Verification Research, Training and Information Centre
- Headquarters: London
- Website: www.vertic.org

= Verification Research, Training and Information Centre =

VERTIC (Verification Research, Training and Information Centre) is a non-governmental organisation established in 1986 to promote effective verification of international agreements. VERTIC is primarily concerned with arms control and disarmament, peace and environmental agreements. VERTIC has an international outlook, and is based in London.

VERTIC's activities cover a wide range from negotiation of verification provisions, monitoring and verification, enforcement, and confidence-building measures. VERTIC has been funded by both private foundations and organisations, and various governments including Belgium, Canada, the Netherlands, New Zealand, Norway and the United Kingdom.
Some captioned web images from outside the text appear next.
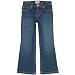 The Children's Place Girls Bootcut - True Indigo Wash Jean Sizes 4 - 14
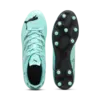 Puma ATTACANTO FG/AG Yeşil Erkek Krampon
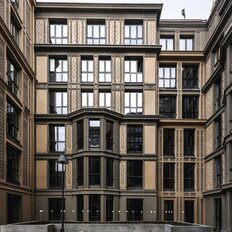 Квартира 71,6 м², 1-комнатная - изображение 5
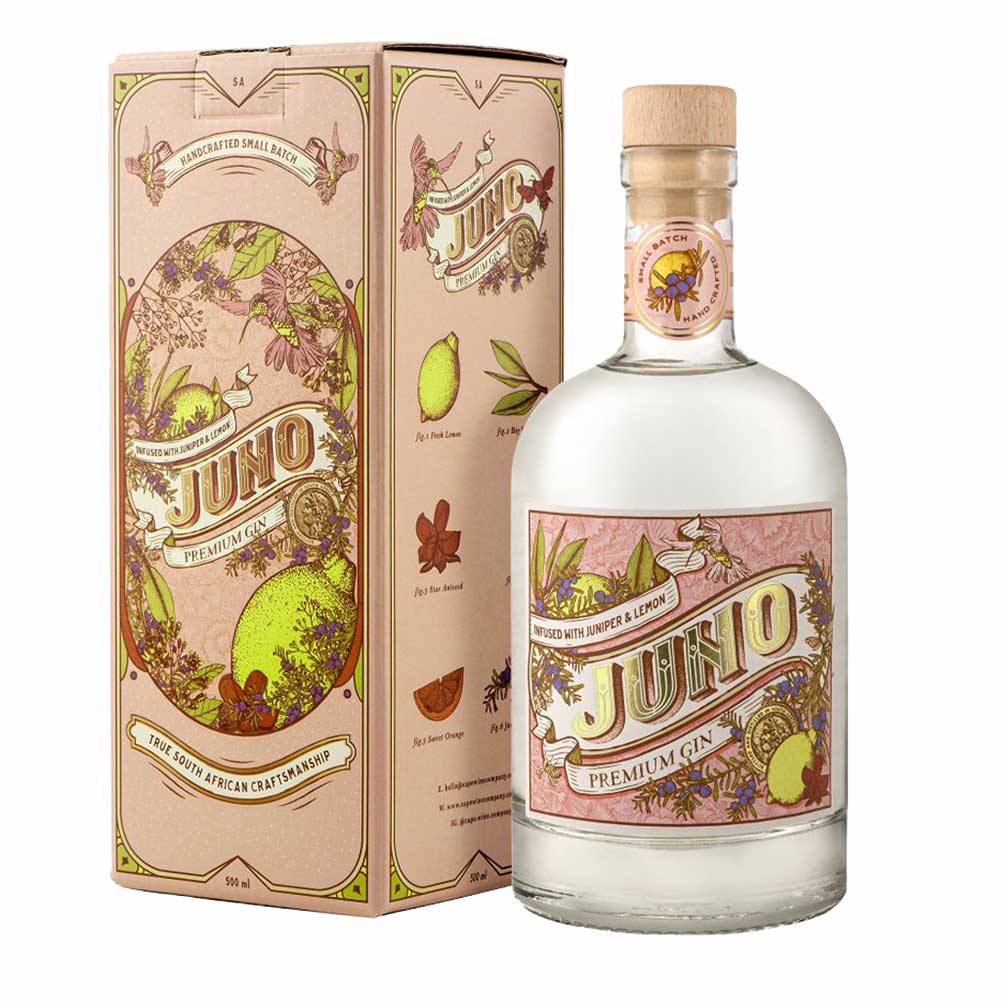 Juno Gin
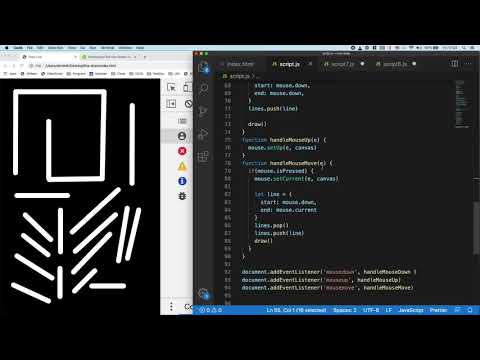 7. Drawing with requestAnimationFrame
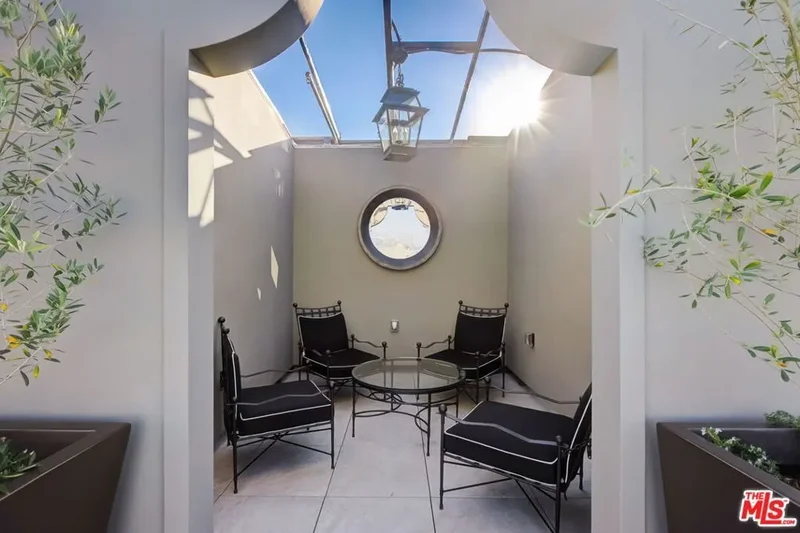 1645 N Vine Street 706, Los Angeles, California, United States. - Photo 55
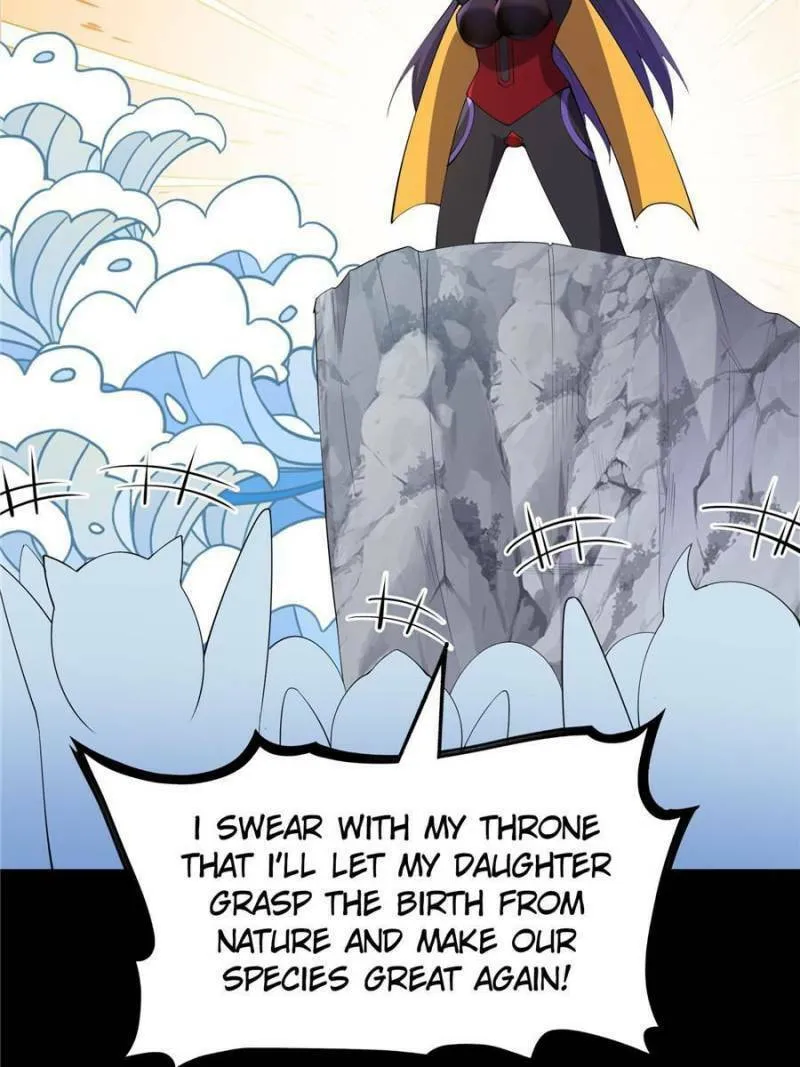 Read I Picked up an Attribute (Colored) chapter 209 image 16 on Lezhin
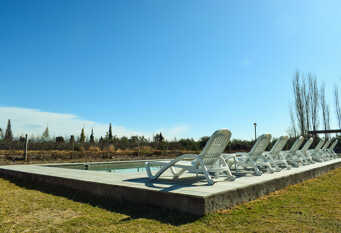 Foto 1 de la galería de Turismo Chachingo Lodge en Maipu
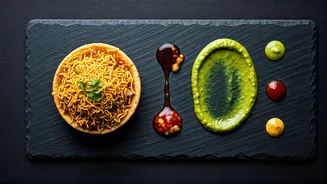 Social-Ready Indian Plates Are Taking Over Feeds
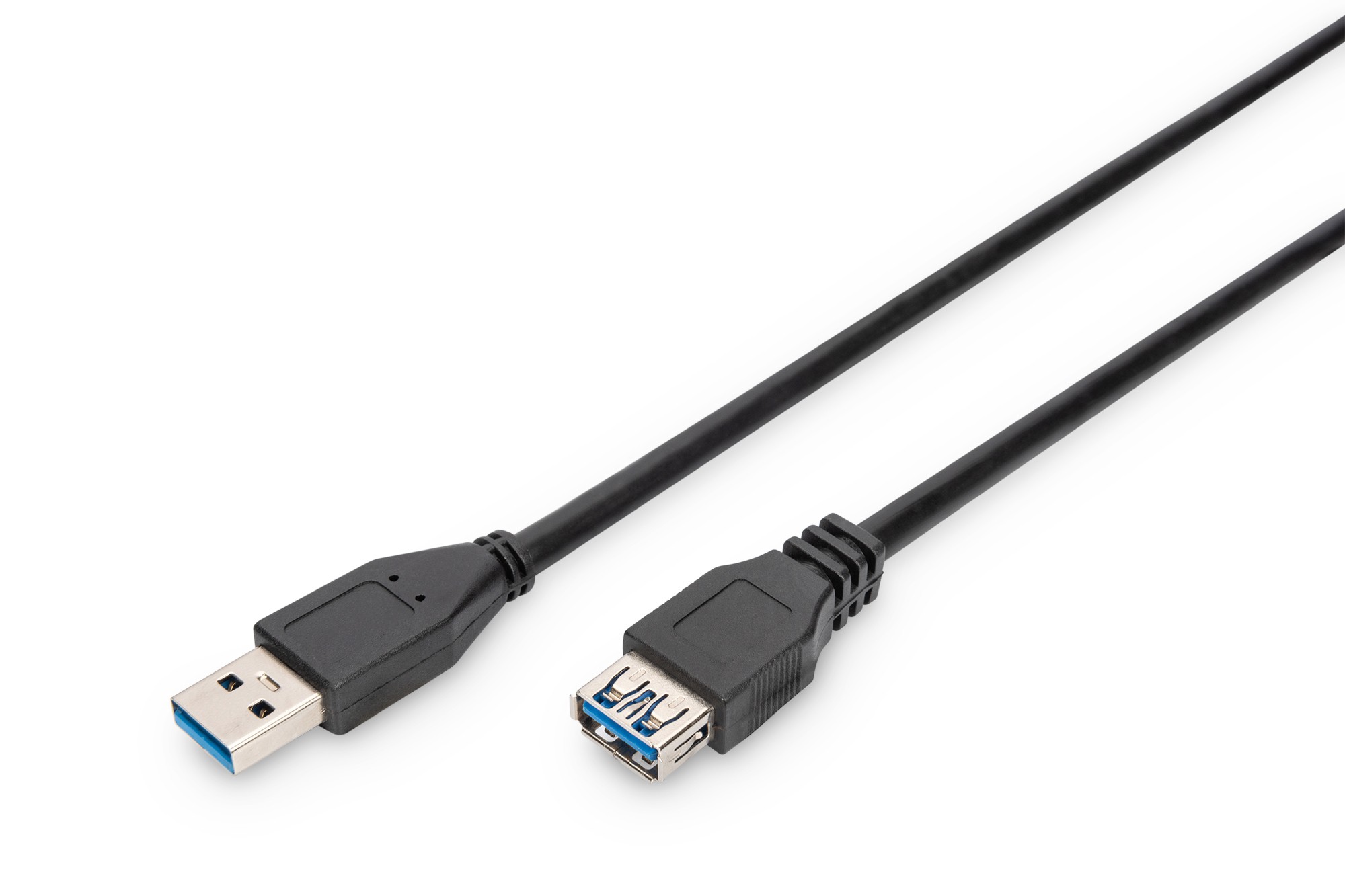 Cavo Prolunga Usb 3.0 Maschio-Femmina Mt 180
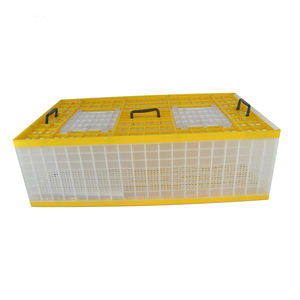 <span class=keywords><strong>Cage</strong></span> <span class=keywords><strong>de</strong></span> <span class=keywords><strong>transport</strong></span> des oiseaux, 1 pièce, facile à transporter, jeux <span class=keywords><strong>pour</strong></span> animaux domestiques - Product Image 1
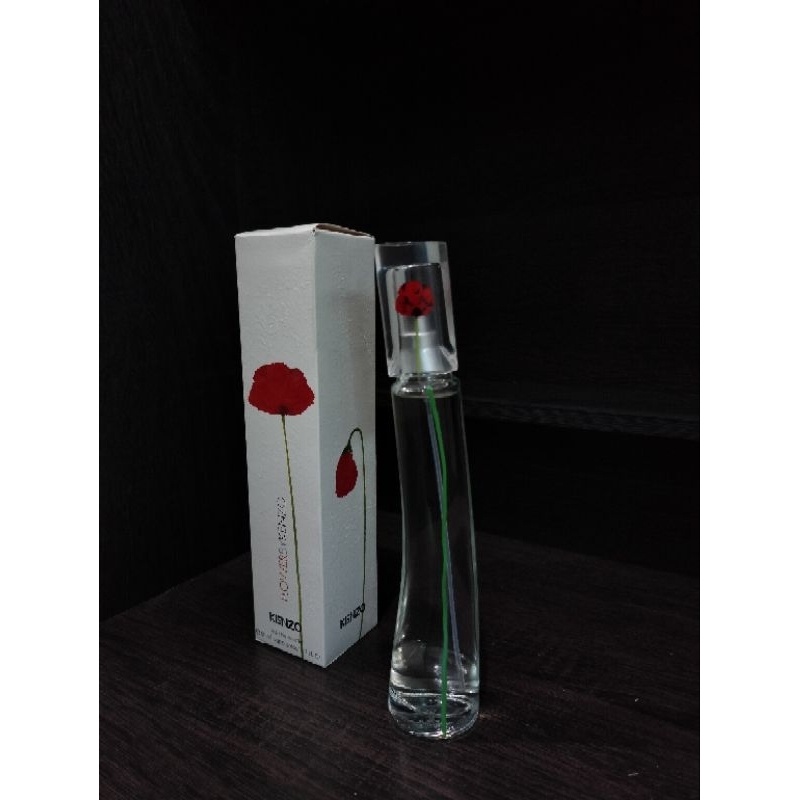 parfum kenzo flower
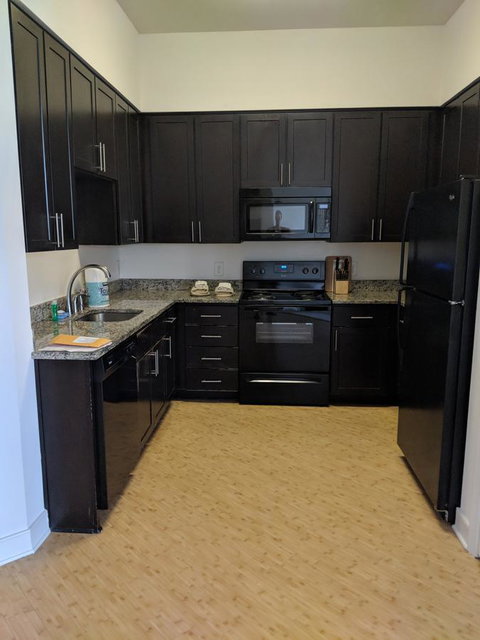 Loudoun Station Apartments - Adwords Guide 1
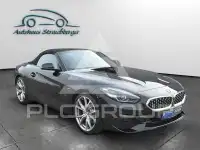2021 BMW Z4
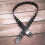 Chain Goth Dubbele Riembeslag 4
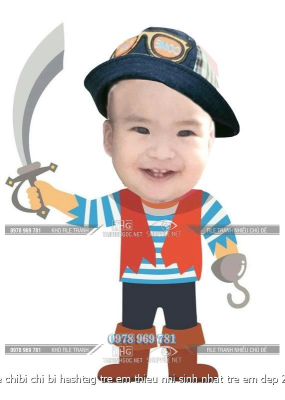 file chibi chi bi hashtag tre em thieu nhi sinh nhat tre em dep 20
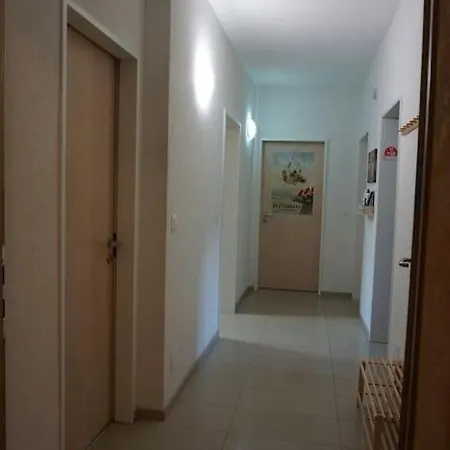 House Of Full Lägenhet *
From 2007 to 2010 VERTIC participated in joint research with UK's Atomic Weapons Establishment and several Norwegian organisations to determine if verification of nuclear warhead dismantlement could be accomplished without access to secret weapons design information, which would help in any future worldwide nuclear disarmament. This was the first time a nuclear weapons state and a non-nuclear weapons state collaborated on such a detailed project, and led to a Working Paper being submitted to the 2010 NPT Review Conference.

The 2000 NPT Review Conference called for research into the concept of the irreversibility of nuclear disarmament, which VERTIC is engaged in as part of a consortium led by King's College London.